Further investigation needed separation of metallic silver from silver(I) ions. In order to distinguish between both in the different steps of the reduction, ammonia solubility was used to extract silver(I)-ions in a silver diamine complex. A 5% ammonia solution was used for the extraction of differently treated specimen (Table 1). The extraction solution was then acidified to a concentration of 5% HNO3 for further analysis by F-AAS. Resulting high silver values in the extraction solution indicated a good solubility of the impregnation and thus, the occurrence of silver(I). Resulting low silver values in the extraction solution indicated an insoluble silver species, i.e., metallic silver adsorbed to the textile surface. The treatment conditions and results are listed in Table 1.

Table 1 Extractable silver content from silver citrate impregnated Lyocell specimens with different treatment conditions.
Specimen Treatment after silver citrate formation on fabric Mass percent silver extracted from specimen (%)
S1 dried at ambient conditions in air, HNO3 extract 3.61 ± 0.60
S1 dried at ambient conditions in air, NH3 extract 3.04 ± 0.14
S2 100 mL 0.25 M NaOH, 35 min 2.19 ± 0.18
S3 100 mL of 0.25 M NaOH + 0.35 M CH2O, 3 min 0.84 ± 0.04
S4 100 mL of 0.25 M NaOH + 0.35 M CH2O, 15 min 0.45 ± 0.04
S5 100 mL of 0.25 M NaOH + 0.35 M CH2O, 30 min 0.56 ± 0.07
S6 160 °C and 2300 rpm air vent., 10 min 2.68 ± 0.03

Specimen S1 is the untreated sample after silver citrate formation on the surface of the fabric, which was extracted by ammonia solution and by 30% nitric acid, respectively. The extractions are considered as full removal of all silver from the fabric. In both cases, the extracted silver content was about 3%. Specimen S2 was treated with 0.25 M NaOH before the ammonia extraction, which is the approximate alkali content of an ECD solution (Root et al., 2018). The extracted silver content in S2 (brownish) was 2.2% which is considered as silver(I). The difference to S1 could be explained by the loss of silver(I) during the treatment with NaOH (Arata, 1998; Johnston et al., 1933). Specimens S3-S5 were immersed into an alkaline formaldehyde solution with equal concentration as in an ECD solution, i.e. the electroless copper deposition solution was simulated but without copper ions (Root et al., 2018). The values of extracted silver strongly decreased to 0.45–0.84%. This observation can be explained by the reduction of silver(I) to non-extractable silver metal adhering to the substrate surface. The reduction reaction is also known from the Tollens’ probe for aldehydes for distinguishing reducing sugars in ancient analytics (silver mirror probe) (Tollens, 1882). The reaction is also known from the generation of silver nanoparticles (Chou & Ren, 2000) or in formaldehyde sensors (Chaiendoo et al., 2018). After 3 min of reaction (S3), the extractable silver content was 0.84%, which was far below the value of sample S2 (treated with NaOH only). After 15 min (S4) and 30 min (S5) reaction, the extractable silver content went further down to 0.45–0.56%. The strong decreases of extractable silver(I) content clearly proved that the formation of metallic silver in the presence of formaldehyde and led to the conclusion that the reduction from silver(I) to metallic silver takes place directly before the start of the copper deposition during the subsequent ECD step.

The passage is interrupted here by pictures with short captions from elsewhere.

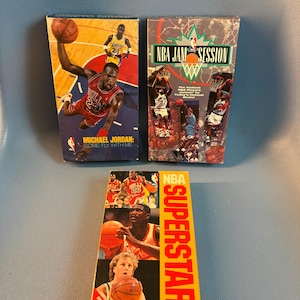 May include: A white ceramic mug with a black handle and the text "But First, Coffee" in a black, handwritten-style font. The mug is on a white surface.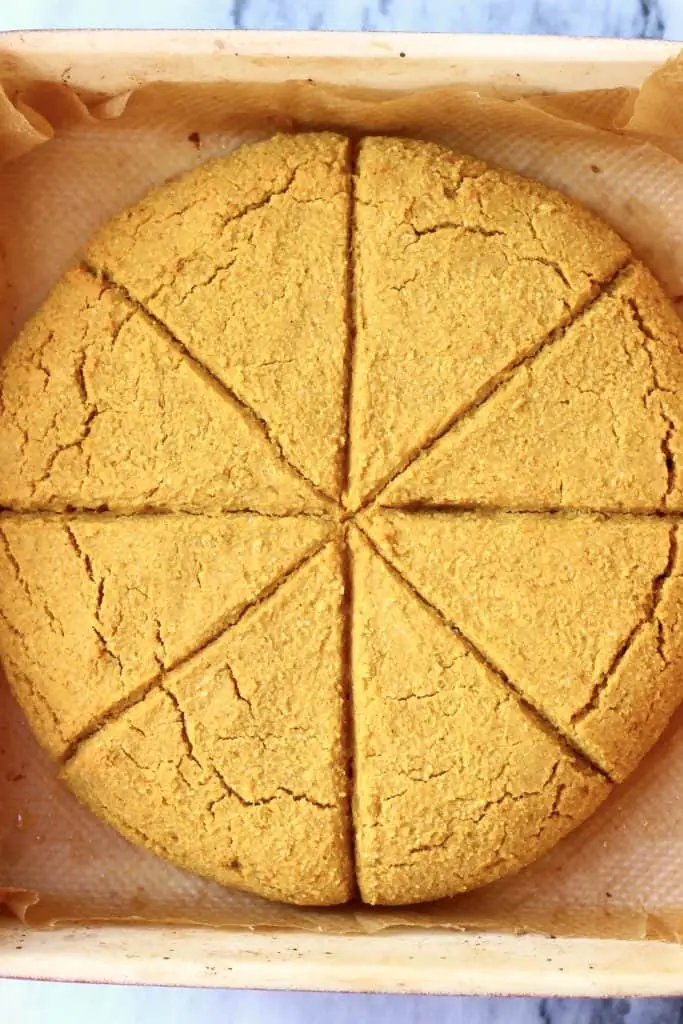 A circle of pumpkin scones in a baking tray cut into eight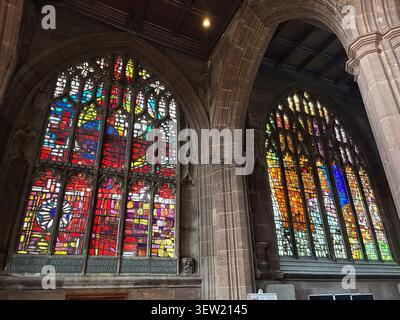 Vetrate colorate con motivi astratti incastonate in archi gotici in pietra all'interno di una cattedrale. Foto Stock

An extractable silver content of 2.68% was found for specimen S6, which was heated to 160 °C to decompose silver citrate. As insoluble silver metal was expected as result of the thermal silver carboxylate decomposition, we assumed that a silver(I)-species, supposedly silver(I)-oxide, was formed on the textile surface as a result of oxidation by air after the thermal decomposition.

3.2

3.2 Investigation of silver citrate decomposition

The thermal behaviour of solid silver citrate has been investigated via differential scanning calorimetry (DSC) and thermogravimetry (TGA) by Nie and Yang (Nie et al., 2012; Yang et al., 2018). Their DSC result proved a strong exothermy of the decomposition reaction with a maxium peak between 190 °C and 198 °C. The authors also reportet that the TGA curves showed a strong step-like weight loss during reaction of about 36% to 40% of the original sample in the same temperature range as DSC. These findings are supportetd by our own measurements (Supporting information Fig. S6).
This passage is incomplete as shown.